Written by Katherine Martinko
Thursday, October 3rd, 2019
As anti-plastic sentiment has grown in recent years, many corporations and retailers have responded by making grandiose promises of improved sustainability. They promise to reduce waste by replacing packaging with biodegradable or compostable plastics, switching from plastic to paper products, and embracing ‘advanced’ chemical recycling methods.
While these promises may sound good, a new report by Greenpeace USA explains they’re not, and amount to little more than greenwashing. Titled “Throwing Away the Future: How Companies Still Have It Wrong on Plastic Pollution ‘Solutions’,” the report tells consumers to “be skeptical of the so-called solutions announced by multinational corporations to tackle the plastic pollution crisis.”
As the report explains, recent research has shown that biodegradable and compostable plastics are not much better than conventional ones, failing to degrade sufficiently and continuing to cause harm to the natural environment. The switch to paper-based packaging over plastic may be better in some regards, but still drives deforestation when we need to be preserving the world’s dwindling forests more than ever. The emphasis on recycling as a solution to plastic waste is similarly shortsighted. From the report:
“Recycling systems cannot keep up with the huge volume of plastic waste generated. Even in Germany, which has one of the highest recycling rates in the world based on collection, more than 60% of all plastic waste is burned, and only 38% recycled.”
Relatively little is understood about chemical recycling, which is the dissolution of plastic polymers using chemical solvents or thermal depolymerization. These processes result in a downgraded form of plastic (which will eventually go to waste anyway) and generates potentially hazardous byproducts. The industry is largely unregulated, energy intensive, and not transparent at all. It is an example of focusing only on end-of-life strategies, while ignoring the human health and environmental consequences of the entire plastic life cycle.

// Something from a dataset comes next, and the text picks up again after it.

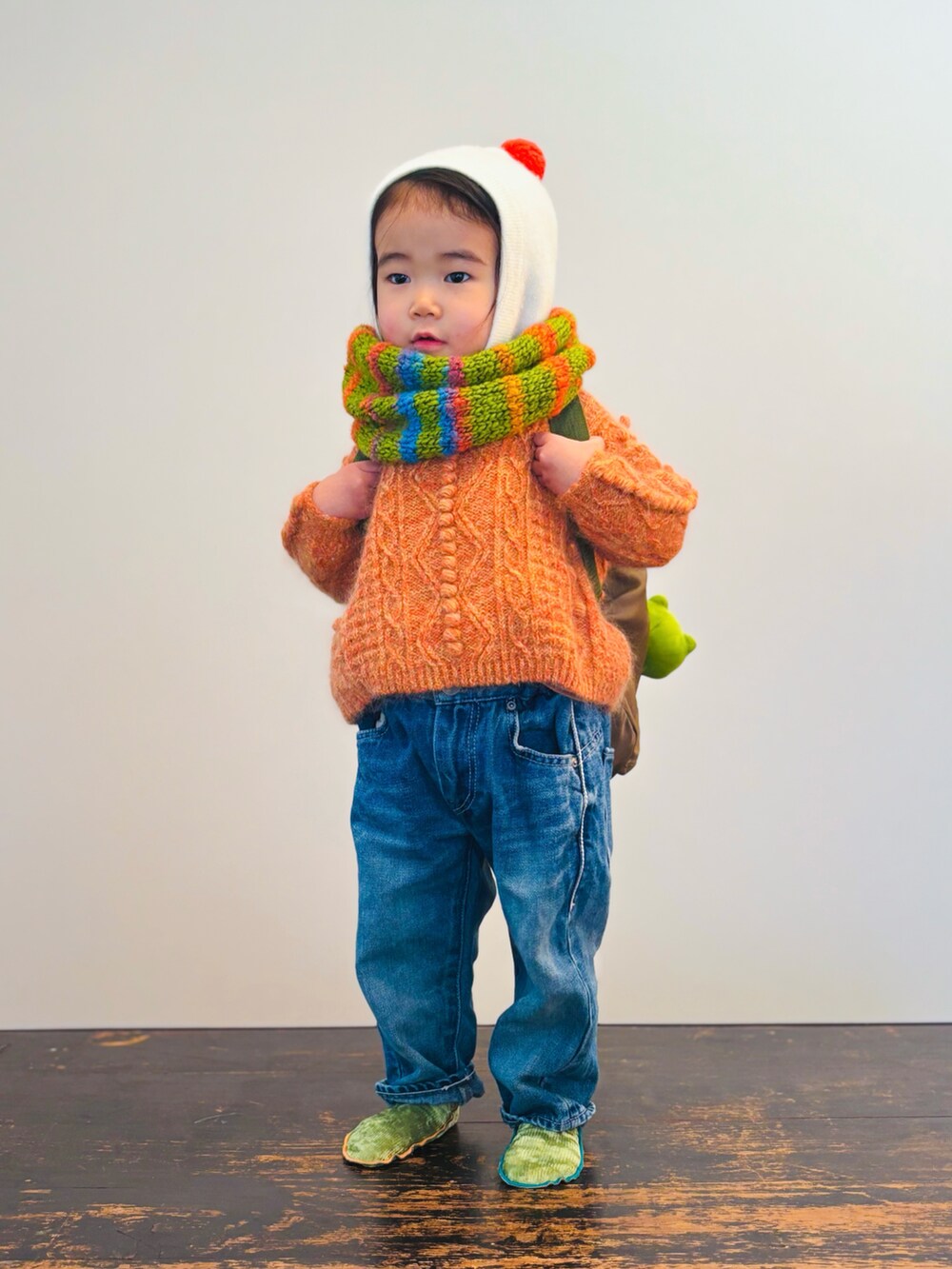 ブルー系のデニムパンツ、オレンジ系のニット/セーター、グリーン系のバックパック/リュックを着用したキッズの冬コーディネートの3枚目の写真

The Greenpeace USA report wants consumers to understand that these kinds of promises are a form of greenwashing. What we need far more is a 180-degree shift in the way products are packaged:
“There is no way the planet can sustain additional demand from companies attempting to substitute their single-use plastic packaging with paper or cardboard; companies must commit to overall reduction of packaging and shift to alternative delivery systems like reuse and refill.”
This is far harder to implement than simply replacing one form of throwaway packaging with another. This requires real innovation, shifts in consumer behavior, and new infrastructure. But it’s also the only way forward. With 12 million metric tons of plastic estimated to be in our natural environments by 2050, there’s no time to waste in making real change, not offering false hope.